Russian pro-hacker collective's internet infrastructure disabled worldwide - Global server network disabled by pro-Russian cyber intruders
In a significant breakthrough, a pro-Russian hacker group known as NoName057(16) has been disrupted following a coordinated international operation codenamed Eastwood. The operation, led by Europol and German judicial authorities, involved 12 countries including Germany, France, Spain, Netherlands, and the United States.
The operation, announced in Berlin, has successfully disrupted the group's cybercrime infrastructure, taking offline the majority of their central servers and over 100 computer systems worldwide linked to their attacks. As a result, two suspects were arrested (one in France and one in Spain), while seven international arrest warrants were issued, six by Germany.
The hacker group, notorious for DDoS attacks on critical infrastructure and government sites across Europe, particularly targeting NATO allies supporting Ukraine, has been significantly disrupted but possibly not fully dismantled. Recruited supporters were offered the download of a special software to participate in DDoS attacks using their own resources.

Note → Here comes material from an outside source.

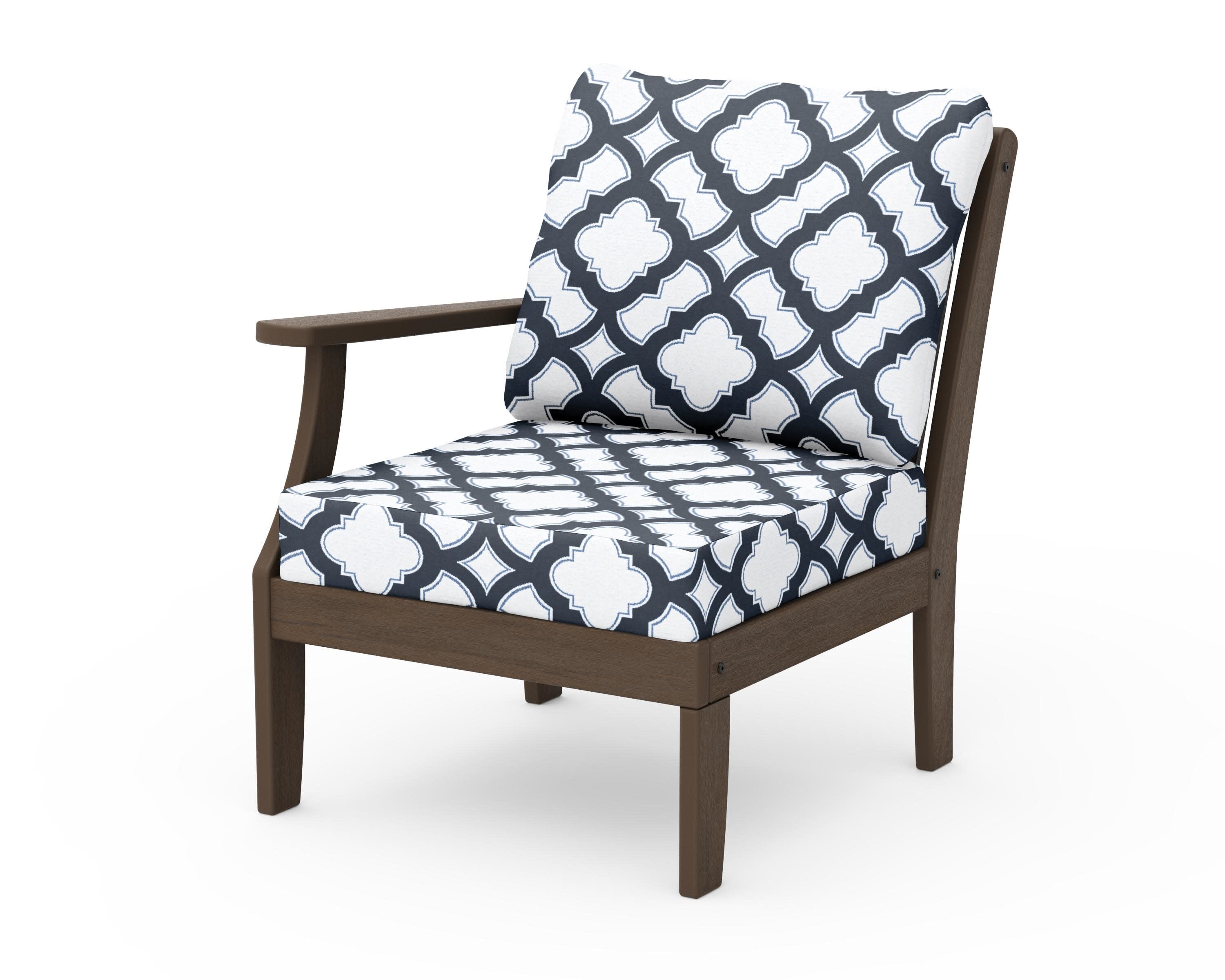 Braxton Modular Left Arm Chair in Kona / Trellis Marine Indigo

Germany has been targeted by 14 such waves of DDoS attacks, affecting approximately 250 companies and institutions, including arms manufacturers, power suppliers, transport companies, public institutions, and authorities. The pro-Russian hacker group launched numerous DDoS attacks since November 2023, with the main goal of gaining media attention and influencing political or societal decisions.
The BKA (Federal Criminal Police Office) in Wiesbaden and the CSUE (Central Office for Combating Cybercrime) in Leipzig are still investigating the group. Two of the individuals are identified as the main perpetrators of the DDoS attacks, with six against whom arrest warrants were issued being Russian citizens or residents of Russia.
The group set up its own botnet consisting of several hundred servers. Similar attacks were also carried out against infrastructures of other states, such as during the European elections and the NATO summit in the Netherlands. Around 4,000 supporters have been recruited via the messaging service Telegram since the Russian invasion of Ukraine.
More than a thousand suspected supporters of the group were informed via Telegram that such actions are punishable under German law. In his remarks, Federal Minister of Transport and Digital Infrastructure Andreas Scheuer described the operation as a "successful strike against a hacker network" that had carried out multiple cyberattacks in Germany. The operation marks a major breakthrough in combating pro-Russian cyber aggression targeting European countries supporting Ukraine.
- The coordinated international operation Eastwood, led by Europol and German judicial authorities, focused primarily on the employment policy of disrupting the cybercrime infrastructure of the pro-Russian hacker group NoName057(16), which had been waging DDoS attacks on critical infrastructure and government sites across EC countries, particularly those supporting Ukraine.
- The employment policy pursued in the operation resulted in the successful disruption of the hacker group's cybercrime activities, with the majority of their central servers and over 100 computer systems worldwide linked to their attacks being taken offline. This Employment policy led to the arrest of two suspects in France and Spain, and the issuance of six arrest warrants by Germany.
- Understanding the importance of technology in modern politics and general-news, the operation against the pro-Russian hacker group NoName057(16) also included combating cyber espionage and crime-and-justice related activities, demonstrating the ongoing commitment of EC countries to protect their digital infrastructure from foreign threats.